In the second quarter of 2025, auto insurance shopping activity was classified as “hot,” with a 9.4% quarterly year-over-year increase. This marks a slowdown from the 16% surge in the first quarter but still reflects strong consumer engagement. 

Meanwhile, new policy growth entered “warm” territory, rising 3.6% compared to the same period last year — a dip from the 8.4% growth recorded in the previous quarter.

This suggests that while consumers are still actively shopping for insurance, the shopping frenzy of recent quarters may be settling into a more sustainable rhythm.
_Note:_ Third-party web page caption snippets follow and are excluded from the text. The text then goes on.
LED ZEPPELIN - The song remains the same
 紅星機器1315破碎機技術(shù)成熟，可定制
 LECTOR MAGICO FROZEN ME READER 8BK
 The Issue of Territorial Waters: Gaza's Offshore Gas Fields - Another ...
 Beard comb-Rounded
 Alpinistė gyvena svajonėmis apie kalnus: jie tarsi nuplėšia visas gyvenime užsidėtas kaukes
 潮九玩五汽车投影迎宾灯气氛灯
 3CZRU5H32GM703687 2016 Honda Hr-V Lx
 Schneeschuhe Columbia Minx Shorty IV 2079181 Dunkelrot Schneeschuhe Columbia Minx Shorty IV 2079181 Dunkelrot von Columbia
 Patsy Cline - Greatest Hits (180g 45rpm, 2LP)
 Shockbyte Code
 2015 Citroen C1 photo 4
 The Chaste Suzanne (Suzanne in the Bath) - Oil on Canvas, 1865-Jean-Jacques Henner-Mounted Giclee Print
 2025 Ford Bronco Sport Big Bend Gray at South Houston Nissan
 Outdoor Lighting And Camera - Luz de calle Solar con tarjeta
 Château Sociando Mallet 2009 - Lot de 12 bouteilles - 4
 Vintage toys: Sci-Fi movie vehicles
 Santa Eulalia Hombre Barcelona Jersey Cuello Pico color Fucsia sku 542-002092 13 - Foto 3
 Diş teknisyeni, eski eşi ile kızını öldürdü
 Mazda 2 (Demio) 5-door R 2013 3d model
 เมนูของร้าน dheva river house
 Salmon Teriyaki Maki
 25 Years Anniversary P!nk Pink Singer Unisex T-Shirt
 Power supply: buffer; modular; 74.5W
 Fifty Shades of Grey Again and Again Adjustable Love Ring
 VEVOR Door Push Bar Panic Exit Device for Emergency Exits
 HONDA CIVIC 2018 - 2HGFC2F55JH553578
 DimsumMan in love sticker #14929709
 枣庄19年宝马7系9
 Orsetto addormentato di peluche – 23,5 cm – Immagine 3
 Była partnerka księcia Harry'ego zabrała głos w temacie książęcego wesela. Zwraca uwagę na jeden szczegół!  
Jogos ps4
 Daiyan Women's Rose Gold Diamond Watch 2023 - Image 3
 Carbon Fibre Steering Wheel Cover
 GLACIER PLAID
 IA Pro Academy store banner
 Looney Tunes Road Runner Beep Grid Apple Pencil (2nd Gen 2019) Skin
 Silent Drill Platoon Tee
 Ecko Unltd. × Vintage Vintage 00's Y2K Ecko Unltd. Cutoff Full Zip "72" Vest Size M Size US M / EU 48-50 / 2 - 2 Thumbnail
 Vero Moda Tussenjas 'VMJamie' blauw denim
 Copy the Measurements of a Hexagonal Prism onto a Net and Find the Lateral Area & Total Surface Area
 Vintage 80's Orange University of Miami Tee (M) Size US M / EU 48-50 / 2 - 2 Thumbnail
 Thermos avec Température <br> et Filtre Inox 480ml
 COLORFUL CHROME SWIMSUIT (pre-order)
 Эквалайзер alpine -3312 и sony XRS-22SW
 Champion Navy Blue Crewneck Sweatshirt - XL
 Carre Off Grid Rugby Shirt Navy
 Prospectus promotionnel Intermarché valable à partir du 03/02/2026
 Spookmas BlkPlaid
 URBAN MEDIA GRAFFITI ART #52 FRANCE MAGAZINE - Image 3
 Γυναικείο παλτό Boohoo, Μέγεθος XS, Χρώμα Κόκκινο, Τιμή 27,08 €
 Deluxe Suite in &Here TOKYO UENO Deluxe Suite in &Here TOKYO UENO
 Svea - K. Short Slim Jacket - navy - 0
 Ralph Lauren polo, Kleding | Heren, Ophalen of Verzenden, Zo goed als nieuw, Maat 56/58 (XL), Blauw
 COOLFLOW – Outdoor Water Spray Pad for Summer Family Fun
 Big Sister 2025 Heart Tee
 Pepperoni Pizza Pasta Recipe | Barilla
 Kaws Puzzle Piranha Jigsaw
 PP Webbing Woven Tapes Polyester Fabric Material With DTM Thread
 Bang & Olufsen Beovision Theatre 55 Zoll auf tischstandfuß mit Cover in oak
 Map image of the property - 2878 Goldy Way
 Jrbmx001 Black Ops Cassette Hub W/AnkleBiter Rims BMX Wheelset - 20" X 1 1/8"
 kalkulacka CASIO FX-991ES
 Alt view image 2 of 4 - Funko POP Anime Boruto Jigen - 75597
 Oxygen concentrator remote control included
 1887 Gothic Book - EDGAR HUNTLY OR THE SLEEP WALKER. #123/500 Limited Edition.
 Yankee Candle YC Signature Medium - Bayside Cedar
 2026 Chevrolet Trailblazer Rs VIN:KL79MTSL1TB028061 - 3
The market is adjusting, but it’s far from stagnant.

Direct-to-consumer channel sees 23% growth

One of the most striking trends in Q2 2025 was the continued dominance of the direct-to-consumer channel. 

Consumers overwhelmingly chose this channel for the eighth consecutive quarter compared to using exclusive or independent agents, posting an impressive 22.8% quarterly year-over-year growth. 

This growth is likely the result of more insurers re-igniting marketing engines and increasing underwriting appetites.

New Jersey, Texas, California, Florida lead the nation in shopping

Geography played a significant role in shaping the Q2 2025 insurance landscape. States like New Jersey (33%), Texas (17%), California (16%) and Florida (9%) led the nation in shopping volume. With their large consumer bases, these populous states helped offset slower growth in other regions.

Interestingly, only two states – Hawaii and New Jersey – achieved shopping growth of 20% or higher in Q2 2025, compared to 10 states in the previous quarter.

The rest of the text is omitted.